Through My Eyes, by Ruby Bridges
The Best We Could Do, by Thi Bui
It All Comes Down to This, by Karen English
Little White Duck, by Na Liu and Andres Vera Martinez
Binti and Binti: Home, by Nnedi Okorafor
The Thrilling Adventures of Lovelace and Babbage, by Sidney Padua
Between Shades of Gray, by Ruta Sepatys
The Hate U Give, by Angie Thomas

And old-timey YA by Betty Cavanna! And discovering Jean Little’s Dear Canada books! And listening to Hilary McKay’s Saffy’s Angel, read by Julia Sawahla, as I watered the garden.

My complete list for the year is here.

Dear Lynda

I don’t think I am alone in always being on the lookout for more advice columnists to read. Did you know that Lynda Barry has been writing advice columns for the Paris Review? I think my favorite is what to do if your roommate keeps leaving their diary in the bathroom.

I went to Powell’s today in search of a copy of Portrait of a Lady that will hold up to the several rereadings I expect to do, and that has more legible print than my Penguin paperback. (I never used to understand what my parents were on about when they complained about tiny print. Now I know.) Alas, they had only three copies, all squinchy paperbacks. I think the literature section is smaller than it used to be… but the YA section has grown by a lot, so I won’t complain. It used to be that a trip to the Cedar Hills store was necessary if you wanted to bask in kidlit and YA.

Anyway, Sanguinity suggested that Portrait of a Lady might be read more on screens these days, being in the public domain and all. Maybe I’ll put it on my phone for when the bus driver decides to leave us all in darkness as we ride. This seems to be happening more often lately.

rabbit rabbit!

I’m putting the last touches on my 2017 book list– there were too many books for which I jotted down only the titles before they went back to the library. Now I’m adding in dates, noting whatever impressions of them remain in my head, and finding their place in the list. Next year, I mean this year, I’m going to try a spreadsheet so it’s easier to put in order.
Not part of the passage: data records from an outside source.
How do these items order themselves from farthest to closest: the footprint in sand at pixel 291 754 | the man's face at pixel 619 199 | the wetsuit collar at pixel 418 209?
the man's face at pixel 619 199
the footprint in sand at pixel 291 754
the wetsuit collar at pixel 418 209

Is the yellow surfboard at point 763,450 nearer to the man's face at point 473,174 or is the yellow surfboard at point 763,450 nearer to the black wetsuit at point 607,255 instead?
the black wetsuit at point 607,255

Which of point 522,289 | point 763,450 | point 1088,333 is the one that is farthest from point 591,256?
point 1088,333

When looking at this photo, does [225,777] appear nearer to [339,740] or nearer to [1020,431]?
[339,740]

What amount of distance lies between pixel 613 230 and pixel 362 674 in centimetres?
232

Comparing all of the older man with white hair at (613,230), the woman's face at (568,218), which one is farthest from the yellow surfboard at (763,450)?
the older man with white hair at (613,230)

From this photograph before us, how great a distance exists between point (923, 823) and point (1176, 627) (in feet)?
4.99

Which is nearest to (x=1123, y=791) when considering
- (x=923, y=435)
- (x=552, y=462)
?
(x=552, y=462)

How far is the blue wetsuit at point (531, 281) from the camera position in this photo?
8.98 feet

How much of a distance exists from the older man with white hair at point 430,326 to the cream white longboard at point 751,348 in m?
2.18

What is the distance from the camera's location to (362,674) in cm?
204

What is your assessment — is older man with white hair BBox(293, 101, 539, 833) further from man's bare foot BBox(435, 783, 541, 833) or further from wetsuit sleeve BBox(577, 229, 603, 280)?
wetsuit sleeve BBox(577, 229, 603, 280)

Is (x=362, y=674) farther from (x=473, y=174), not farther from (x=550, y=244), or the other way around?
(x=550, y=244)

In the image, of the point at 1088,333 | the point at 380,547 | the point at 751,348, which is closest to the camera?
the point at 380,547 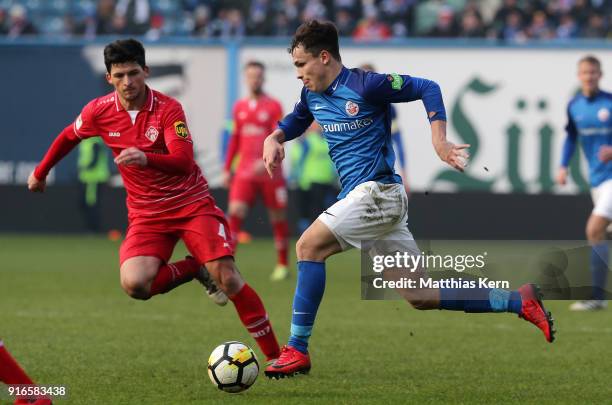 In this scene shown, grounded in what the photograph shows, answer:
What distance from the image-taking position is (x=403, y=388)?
6.80 m

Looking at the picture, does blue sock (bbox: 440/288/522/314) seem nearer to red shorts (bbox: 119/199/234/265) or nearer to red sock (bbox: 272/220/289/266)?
red shorts (bbox: 119/199/234/265)

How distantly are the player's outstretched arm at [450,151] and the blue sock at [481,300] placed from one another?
2.98 ft

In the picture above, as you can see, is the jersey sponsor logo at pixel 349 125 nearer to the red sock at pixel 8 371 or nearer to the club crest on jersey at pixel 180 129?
the club crest on jersey at pixel 180 129

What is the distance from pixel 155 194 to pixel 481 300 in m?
2.13

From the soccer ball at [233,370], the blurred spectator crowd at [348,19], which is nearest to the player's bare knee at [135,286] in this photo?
the soccer ball at [233,370]

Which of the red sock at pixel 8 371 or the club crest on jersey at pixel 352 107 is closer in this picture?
the red sock at pixel 8 371

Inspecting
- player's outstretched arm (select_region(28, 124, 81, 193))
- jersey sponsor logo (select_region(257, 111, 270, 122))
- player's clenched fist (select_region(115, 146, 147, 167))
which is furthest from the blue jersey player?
jersey sponsor logo (select_region(257, 111, 270, 122))

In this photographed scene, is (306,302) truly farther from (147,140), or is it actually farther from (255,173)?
(255,173)

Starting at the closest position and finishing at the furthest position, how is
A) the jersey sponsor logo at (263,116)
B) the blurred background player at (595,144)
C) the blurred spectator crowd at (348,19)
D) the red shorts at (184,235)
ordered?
1. the red shorts at (184,235)
2. the blurred background player at (595,144)
3. the jersey sponsor logo at (263,116)
4. the blurred spectator crowd at (348,19)

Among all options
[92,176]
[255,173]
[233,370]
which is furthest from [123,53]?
[92,176]

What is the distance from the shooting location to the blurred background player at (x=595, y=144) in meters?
11.1

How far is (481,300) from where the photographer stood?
6.86 meters

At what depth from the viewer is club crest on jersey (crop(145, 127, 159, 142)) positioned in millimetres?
7250

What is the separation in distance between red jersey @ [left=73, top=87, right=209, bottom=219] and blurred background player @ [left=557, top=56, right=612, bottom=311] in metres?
4.98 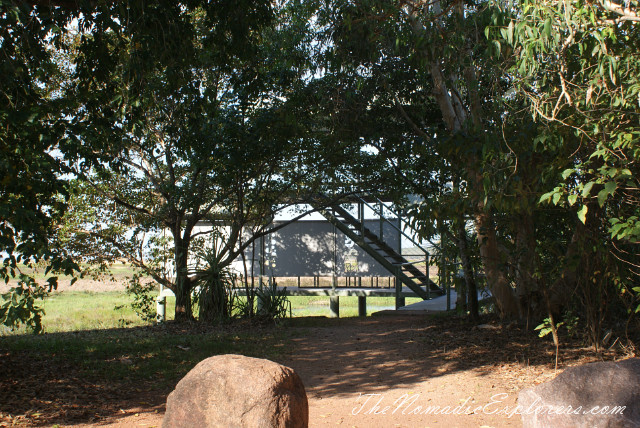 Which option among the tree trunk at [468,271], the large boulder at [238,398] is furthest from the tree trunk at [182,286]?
the large boulder at [238,398]

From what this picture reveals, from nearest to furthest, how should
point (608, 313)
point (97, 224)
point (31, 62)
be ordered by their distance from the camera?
point (31, 62) < point (608, 313) < point (97, 224)

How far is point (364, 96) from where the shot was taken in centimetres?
873

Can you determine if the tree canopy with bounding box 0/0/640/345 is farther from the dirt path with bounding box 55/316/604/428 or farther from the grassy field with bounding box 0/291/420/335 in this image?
the grassy field with bounding box 0/291/420/335

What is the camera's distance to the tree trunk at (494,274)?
7.20 metres

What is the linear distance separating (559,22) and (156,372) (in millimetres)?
5297

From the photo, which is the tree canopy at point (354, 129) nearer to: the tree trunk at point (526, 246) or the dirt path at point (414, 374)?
the tree trunk at point (526, 246)

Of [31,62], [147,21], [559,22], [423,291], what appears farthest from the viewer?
[423,291]

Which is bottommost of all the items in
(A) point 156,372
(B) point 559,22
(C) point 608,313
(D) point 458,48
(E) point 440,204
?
(A) point 156,372

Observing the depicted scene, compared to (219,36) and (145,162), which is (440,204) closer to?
(219,36)

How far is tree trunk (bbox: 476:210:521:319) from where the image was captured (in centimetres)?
720

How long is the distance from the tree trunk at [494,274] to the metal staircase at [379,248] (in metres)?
4.18

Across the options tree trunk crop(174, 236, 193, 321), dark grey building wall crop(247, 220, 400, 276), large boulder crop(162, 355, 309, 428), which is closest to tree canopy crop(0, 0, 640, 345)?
tree trunk crop(174, 236, 193, 321)

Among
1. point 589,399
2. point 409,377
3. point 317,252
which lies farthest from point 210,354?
point 317,252

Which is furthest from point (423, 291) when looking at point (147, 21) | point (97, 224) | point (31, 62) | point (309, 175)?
point (31, 62) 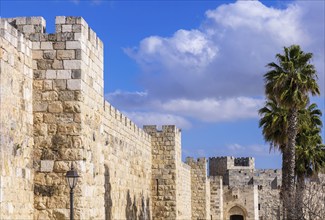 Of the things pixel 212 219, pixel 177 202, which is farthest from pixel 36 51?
pixel 212 219

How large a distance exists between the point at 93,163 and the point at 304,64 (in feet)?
48.7

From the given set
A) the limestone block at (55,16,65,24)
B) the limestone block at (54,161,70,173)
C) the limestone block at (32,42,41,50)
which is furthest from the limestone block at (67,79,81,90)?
the limestone block at (54,161,70,173)

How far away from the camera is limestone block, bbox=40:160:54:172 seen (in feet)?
32.5

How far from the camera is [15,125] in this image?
937 centimetres

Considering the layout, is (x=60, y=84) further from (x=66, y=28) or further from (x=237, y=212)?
(x=237, y=212)

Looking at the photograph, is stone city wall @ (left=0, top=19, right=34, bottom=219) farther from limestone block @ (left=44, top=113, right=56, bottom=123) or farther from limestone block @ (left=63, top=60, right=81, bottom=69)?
limestone block @ (left=63, top=60, right=81, bottom=69)

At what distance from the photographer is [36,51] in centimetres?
1014

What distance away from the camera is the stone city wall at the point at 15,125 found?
895 cm

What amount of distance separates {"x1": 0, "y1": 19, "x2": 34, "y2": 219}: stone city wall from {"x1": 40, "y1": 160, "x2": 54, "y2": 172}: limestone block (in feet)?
0.54

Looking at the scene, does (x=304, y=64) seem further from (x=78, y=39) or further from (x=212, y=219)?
(x=212, y=219)

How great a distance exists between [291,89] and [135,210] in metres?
7.04

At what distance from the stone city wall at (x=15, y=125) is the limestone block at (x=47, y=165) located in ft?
0.54

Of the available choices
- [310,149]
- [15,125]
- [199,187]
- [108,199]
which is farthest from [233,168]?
[15,125]

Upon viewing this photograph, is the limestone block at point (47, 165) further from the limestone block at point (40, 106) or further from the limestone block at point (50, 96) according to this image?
the limestone block at point (50, 96) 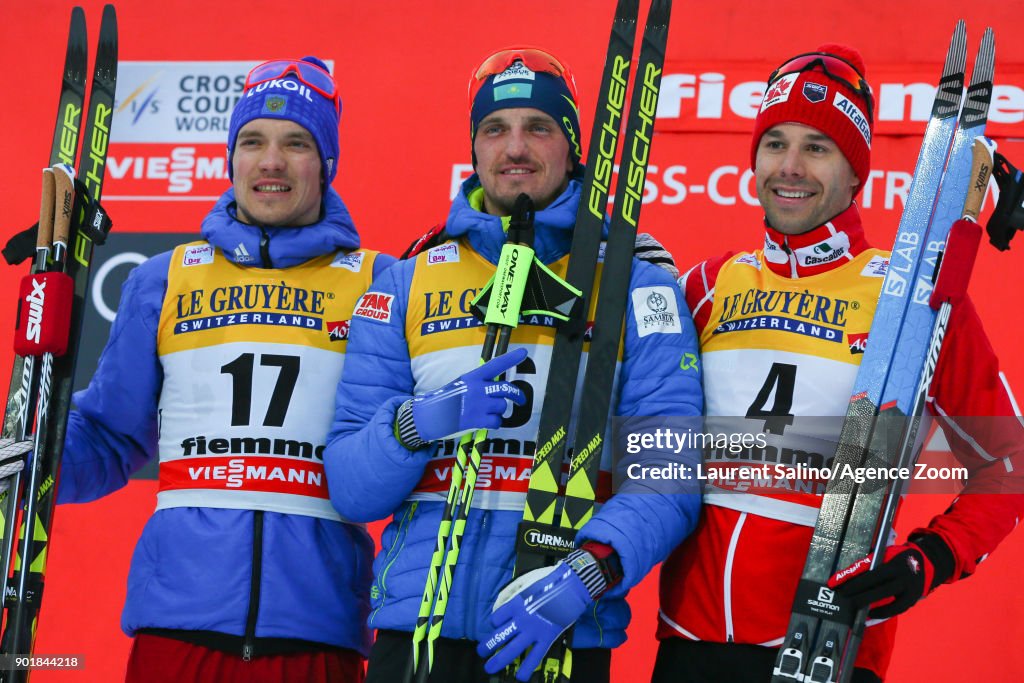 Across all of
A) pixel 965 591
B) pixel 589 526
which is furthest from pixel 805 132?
pixel 965 591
The first book I finished reading in 2018 is Mitali Perkins’ You Bring the Distant Near.

The writing is so assured– the characters seem real, like we’re just dipping in as the three generations live their lives. The resolutions do mostly involve romance, in a way that makes me wonder if Perkins is a Jane Austen fan. (Or maybe it’s just that Sanguinity and I watched the 1995 Sense and Sensibility last night while we waited for the new year.)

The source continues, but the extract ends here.